KRG referendum to shape destiny of the Middle East

Published 25.09.2017 21:44

Iraqi Kurdistan Regional Government (KRG) leader Masoud Barzani's determination to hold the independence referendum in northern Iraq has sparked additional turmoil in the Middle East. While the governments of Turkey, Iraq and Iran strongly protested the decision, Israel has voiced support for the move. Those countries that condemn the vote fear that Iraq's eventual dismemberment will provoke an instability wave across the region. This doesn't mean Iraq's disintegration will necessarily cause Turkey or Iran's collapse as well; for example, the former Czechoslovakia's dismemberment didn't provoke the same in neighboring Hungary back in the 1990s.

The main problem and the essential reason why Iran and Turkey are that worried is because they know the entire referendum process had been crafted elsewhere and not solely in northern Iraq. In other words, Iraqi Kurdish leaders couldn't have imagined organizing the referendum if they hadn't been encouraged by foreign players to do it. The latter are eventually "big" players upon which regional powers like Turkey and Iran have limited effect. Moreover, in the Middle East, we lack a regional integration project like the European Union, so no one can foretell where this dismemberment will lead.

That's why it is not difficult to see why Iran or Turkey are worried. It is also understandable why Israel is so pleased: It traditionally supports every move that will weaken an Arab state, and especially the Baghdad government that has close relations with Tehran.

As for the U.S. and Russia, officially, they oppose the referendum. It is not sure, however, whether they are opposed to independence or just to the timing of the referendum. We know, by experience, that the U.S.'s current criticism can perfectly disappear in a while, and Washington may work with the new independent entity without any problem. The same is also true for Russia. Maybe the reason why Russia is against the referendum is that they feel an independent northern Iraq will become a U.S. partner. However, it is also possible that in the wake of eventual independence, the rulers of the new entity may change and pro-Russian cadres may seize power. It happened many times in the Middle East before, and the Russians are particularly able nowadays in reversing situations that are not in their favor.

Despite the clear positions of regional powers and of the two great powers, we are not sure what exactly the EU thinks about the referendum. France and the U.K. have criticized it, but using a very mild tone. They don't want to anger the Kurds, of course, but they can't openly support an independence referendum right now either, as another EU member, namely Spain, too, is trying to deal with an independence referendum these days.

They can't probably say yes to one referendum while saying no to the other, even though Europe generally acts according to its immediate interests and not principles.

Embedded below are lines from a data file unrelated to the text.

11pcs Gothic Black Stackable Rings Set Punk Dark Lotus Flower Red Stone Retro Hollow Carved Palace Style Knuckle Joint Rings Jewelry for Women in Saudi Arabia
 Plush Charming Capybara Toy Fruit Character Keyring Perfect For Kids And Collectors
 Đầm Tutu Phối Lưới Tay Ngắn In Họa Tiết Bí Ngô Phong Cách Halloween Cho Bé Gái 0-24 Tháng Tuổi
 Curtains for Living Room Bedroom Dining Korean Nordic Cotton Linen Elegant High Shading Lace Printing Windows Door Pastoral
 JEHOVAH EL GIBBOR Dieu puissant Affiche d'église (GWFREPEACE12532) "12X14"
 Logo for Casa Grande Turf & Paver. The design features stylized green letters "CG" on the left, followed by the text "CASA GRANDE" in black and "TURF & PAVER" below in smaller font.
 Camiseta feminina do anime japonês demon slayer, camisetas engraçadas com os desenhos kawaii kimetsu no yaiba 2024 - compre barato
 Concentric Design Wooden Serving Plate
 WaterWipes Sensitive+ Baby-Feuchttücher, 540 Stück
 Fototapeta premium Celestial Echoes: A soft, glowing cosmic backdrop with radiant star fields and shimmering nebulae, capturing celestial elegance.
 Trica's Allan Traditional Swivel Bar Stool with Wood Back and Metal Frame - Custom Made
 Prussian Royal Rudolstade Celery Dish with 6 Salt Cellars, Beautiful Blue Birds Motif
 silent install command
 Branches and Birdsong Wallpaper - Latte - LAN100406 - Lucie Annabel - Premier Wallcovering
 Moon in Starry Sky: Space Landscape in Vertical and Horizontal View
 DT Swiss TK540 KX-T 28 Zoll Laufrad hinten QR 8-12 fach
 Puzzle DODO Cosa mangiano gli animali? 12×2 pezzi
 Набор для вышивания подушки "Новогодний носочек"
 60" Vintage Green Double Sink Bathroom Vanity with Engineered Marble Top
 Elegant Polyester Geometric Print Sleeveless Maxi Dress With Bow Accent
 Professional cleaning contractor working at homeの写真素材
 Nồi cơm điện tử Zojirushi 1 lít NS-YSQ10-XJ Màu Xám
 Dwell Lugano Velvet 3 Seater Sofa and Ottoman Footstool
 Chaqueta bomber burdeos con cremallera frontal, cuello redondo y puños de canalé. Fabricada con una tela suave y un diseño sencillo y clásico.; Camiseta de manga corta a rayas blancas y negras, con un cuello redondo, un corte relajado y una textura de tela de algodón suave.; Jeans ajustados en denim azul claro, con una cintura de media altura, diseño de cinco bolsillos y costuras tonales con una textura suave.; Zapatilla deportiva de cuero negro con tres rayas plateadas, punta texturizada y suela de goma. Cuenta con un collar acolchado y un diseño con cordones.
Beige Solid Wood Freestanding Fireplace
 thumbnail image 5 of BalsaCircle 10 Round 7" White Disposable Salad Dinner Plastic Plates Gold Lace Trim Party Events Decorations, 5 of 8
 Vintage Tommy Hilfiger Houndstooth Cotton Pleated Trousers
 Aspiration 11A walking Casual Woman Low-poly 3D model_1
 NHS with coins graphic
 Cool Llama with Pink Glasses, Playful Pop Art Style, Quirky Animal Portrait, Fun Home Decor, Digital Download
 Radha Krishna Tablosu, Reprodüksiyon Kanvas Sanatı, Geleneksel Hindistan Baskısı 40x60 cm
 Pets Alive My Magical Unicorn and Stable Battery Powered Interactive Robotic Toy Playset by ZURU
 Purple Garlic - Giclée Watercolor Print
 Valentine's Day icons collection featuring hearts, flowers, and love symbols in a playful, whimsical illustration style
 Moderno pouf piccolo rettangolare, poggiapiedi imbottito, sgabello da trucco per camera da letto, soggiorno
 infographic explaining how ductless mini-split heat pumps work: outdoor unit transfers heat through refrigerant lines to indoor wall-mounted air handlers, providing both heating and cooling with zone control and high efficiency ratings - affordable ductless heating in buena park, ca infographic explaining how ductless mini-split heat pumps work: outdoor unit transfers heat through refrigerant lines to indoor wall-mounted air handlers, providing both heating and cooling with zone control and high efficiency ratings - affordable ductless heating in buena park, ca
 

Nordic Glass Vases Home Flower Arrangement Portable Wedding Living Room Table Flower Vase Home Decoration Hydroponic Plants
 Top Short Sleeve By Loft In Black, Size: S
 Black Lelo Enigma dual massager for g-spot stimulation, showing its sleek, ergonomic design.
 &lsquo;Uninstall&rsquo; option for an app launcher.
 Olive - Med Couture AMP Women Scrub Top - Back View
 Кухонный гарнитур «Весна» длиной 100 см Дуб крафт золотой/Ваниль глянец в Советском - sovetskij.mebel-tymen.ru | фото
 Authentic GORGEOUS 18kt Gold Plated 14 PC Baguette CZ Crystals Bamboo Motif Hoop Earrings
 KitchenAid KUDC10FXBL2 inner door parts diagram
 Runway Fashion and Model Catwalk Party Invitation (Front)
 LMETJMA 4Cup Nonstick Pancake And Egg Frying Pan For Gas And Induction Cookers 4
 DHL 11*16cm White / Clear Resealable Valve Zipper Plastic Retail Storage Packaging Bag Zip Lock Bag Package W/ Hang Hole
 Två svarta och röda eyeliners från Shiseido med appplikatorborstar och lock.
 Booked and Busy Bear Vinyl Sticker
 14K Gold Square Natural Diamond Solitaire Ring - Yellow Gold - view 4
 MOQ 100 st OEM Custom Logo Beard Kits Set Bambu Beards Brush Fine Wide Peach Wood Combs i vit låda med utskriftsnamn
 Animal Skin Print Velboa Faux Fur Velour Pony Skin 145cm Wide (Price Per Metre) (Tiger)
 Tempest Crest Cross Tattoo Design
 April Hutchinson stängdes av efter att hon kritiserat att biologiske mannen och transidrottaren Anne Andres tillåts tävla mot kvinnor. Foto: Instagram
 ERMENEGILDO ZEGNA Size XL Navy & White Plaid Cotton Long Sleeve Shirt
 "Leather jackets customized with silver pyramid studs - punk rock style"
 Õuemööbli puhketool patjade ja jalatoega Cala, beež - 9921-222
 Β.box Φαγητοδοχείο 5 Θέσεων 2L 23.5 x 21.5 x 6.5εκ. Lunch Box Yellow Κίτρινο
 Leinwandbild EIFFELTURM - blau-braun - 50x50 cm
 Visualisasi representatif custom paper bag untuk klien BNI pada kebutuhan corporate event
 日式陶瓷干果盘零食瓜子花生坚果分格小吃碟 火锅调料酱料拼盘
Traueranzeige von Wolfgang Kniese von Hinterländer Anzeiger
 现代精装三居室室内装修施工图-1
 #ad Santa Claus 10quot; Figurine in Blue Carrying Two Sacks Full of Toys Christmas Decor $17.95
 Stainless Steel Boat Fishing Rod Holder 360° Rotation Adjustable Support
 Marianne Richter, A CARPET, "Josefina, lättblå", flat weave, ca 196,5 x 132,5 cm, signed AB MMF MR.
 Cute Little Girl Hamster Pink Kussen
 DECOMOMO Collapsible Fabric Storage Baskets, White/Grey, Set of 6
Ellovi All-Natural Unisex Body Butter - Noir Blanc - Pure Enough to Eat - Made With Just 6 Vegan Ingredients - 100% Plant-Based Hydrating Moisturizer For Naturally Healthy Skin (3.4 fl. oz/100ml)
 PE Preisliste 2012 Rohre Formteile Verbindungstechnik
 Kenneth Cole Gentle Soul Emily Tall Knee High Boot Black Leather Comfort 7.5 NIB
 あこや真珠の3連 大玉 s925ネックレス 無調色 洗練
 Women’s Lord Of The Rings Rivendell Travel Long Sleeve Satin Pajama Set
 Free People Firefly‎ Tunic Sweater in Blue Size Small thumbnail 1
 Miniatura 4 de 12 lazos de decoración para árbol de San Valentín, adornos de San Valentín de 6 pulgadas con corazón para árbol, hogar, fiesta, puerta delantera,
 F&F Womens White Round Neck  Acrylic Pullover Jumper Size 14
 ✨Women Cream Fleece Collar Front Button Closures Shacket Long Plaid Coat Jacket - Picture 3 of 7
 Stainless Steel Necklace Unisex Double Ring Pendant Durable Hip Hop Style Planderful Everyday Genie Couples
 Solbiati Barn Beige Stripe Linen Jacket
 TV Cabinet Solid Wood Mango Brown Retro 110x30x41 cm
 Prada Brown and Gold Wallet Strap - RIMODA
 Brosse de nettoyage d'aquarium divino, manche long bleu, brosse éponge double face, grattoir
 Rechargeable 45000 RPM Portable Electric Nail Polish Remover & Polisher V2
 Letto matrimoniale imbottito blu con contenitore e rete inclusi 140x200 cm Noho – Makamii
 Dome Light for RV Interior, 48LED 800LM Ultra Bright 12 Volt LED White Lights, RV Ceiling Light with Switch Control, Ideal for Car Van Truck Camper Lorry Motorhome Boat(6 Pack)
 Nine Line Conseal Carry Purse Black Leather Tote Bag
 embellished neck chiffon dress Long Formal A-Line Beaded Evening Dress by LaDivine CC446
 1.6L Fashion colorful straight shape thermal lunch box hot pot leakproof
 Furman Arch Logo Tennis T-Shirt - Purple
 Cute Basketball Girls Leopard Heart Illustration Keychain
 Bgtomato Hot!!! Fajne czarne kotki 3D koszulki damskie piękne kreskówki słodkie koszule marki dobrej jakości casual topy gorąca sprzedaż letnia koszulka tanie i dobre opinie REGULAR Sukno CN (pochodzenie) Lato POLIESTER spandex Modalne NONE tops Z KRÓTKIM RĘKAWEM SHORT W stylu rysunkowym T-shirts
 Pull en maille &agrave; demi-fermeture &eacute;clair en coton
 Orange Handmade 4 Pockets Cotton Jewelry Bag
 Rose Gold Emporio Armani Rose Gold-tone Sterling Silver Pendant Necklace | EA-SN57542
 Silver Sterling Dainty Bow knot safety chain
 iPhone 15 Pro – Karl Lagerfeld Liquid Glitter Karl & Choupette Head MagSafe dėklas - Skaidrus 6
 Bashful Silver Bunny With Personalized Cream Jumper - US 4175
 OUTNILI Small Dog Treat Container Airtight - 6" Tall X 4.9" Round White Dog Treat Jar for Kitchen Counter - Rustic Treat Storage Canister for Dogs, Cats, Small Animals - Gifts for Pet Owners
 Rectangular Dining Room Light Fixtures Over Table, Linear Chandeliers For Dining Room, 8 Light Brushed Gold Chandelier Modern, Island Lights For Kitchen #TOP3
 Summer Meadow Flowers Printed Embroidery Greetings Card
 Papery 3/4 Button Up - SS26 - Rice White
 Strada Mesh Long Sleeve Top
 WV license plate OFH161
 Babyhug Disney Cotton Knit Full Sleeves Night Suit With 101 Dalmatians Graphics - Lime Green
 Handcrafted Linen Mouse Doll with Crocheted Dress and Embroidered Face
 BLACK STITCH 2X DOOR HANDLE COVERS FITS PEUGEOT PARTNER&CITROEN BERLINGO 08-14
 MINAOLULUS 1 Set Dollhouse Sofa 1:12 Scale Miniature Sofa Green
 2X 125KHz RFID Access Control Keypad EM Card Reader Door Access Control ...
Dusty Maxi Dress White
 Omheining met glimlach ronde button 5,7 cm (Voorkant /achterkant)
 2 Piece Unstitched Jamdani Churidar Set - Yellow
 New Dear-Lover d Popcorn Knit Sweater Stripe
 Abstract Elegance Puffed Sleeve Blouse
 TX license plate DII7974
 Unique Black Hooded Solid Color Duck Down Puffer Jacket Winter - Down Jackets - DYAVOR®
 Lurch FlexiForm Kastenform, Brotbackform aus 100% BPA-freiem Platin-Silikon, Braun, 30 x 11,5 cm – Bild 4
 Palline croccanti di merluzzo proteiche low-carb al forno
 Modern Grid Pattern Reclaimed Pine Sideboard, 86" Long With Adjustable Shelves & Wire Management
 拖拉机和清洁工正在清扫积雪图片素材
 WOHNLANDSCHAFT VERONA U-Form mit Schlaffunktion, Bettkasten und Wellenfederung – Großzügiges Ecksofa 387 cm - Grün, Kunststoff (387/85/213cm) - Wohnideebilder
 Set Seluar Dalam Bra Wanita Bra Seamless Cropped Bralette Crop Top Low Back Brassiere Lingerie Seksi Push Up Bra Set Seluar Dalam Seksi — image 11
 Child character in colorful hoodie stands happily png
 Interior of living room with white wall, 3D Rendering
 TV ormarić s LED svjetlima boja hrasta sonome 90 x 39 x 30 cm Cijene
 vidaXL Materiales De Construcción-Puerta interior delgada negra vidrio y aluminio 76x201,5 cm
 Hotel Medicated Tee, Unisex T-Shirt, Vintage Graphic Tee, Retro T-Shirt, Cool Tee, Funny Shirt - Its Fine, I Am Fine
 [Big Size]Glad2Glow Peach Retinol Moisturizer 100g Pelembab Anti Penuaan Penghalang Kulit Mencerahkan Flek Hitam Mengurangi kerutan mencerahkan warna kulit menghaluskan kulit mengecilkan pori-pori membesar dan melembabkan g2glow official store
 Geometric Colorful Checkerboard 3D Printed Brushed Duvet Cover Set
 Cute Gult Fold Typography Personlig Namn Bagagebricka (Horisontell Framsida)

Moreover, Germany's position is not clear either, and that's one of the reasons why the EU can't make a decision about the northern Iraqi referendum. On the one hand, Germany has been pushed out of the Middle East, partly thanks to Turkey, and on the other, the country now has its own problems, like forming a coalition government in the wake of general elections and finding a way to save the EU's future.

Therefore, it is obvious that it is the two great powers that will decide what comes next in northern Iraq, and no one else. Every other development in the region, i.e. Iran's missile tests, weapon transfers to the PKK-affiliated Democratic Union Party (PYD), or the fight against Daesh are all related to these powers' bargains over the region's future. The point is, none of them really care about the well-being of the Kurdish people, but only about whom they can use for their own interests.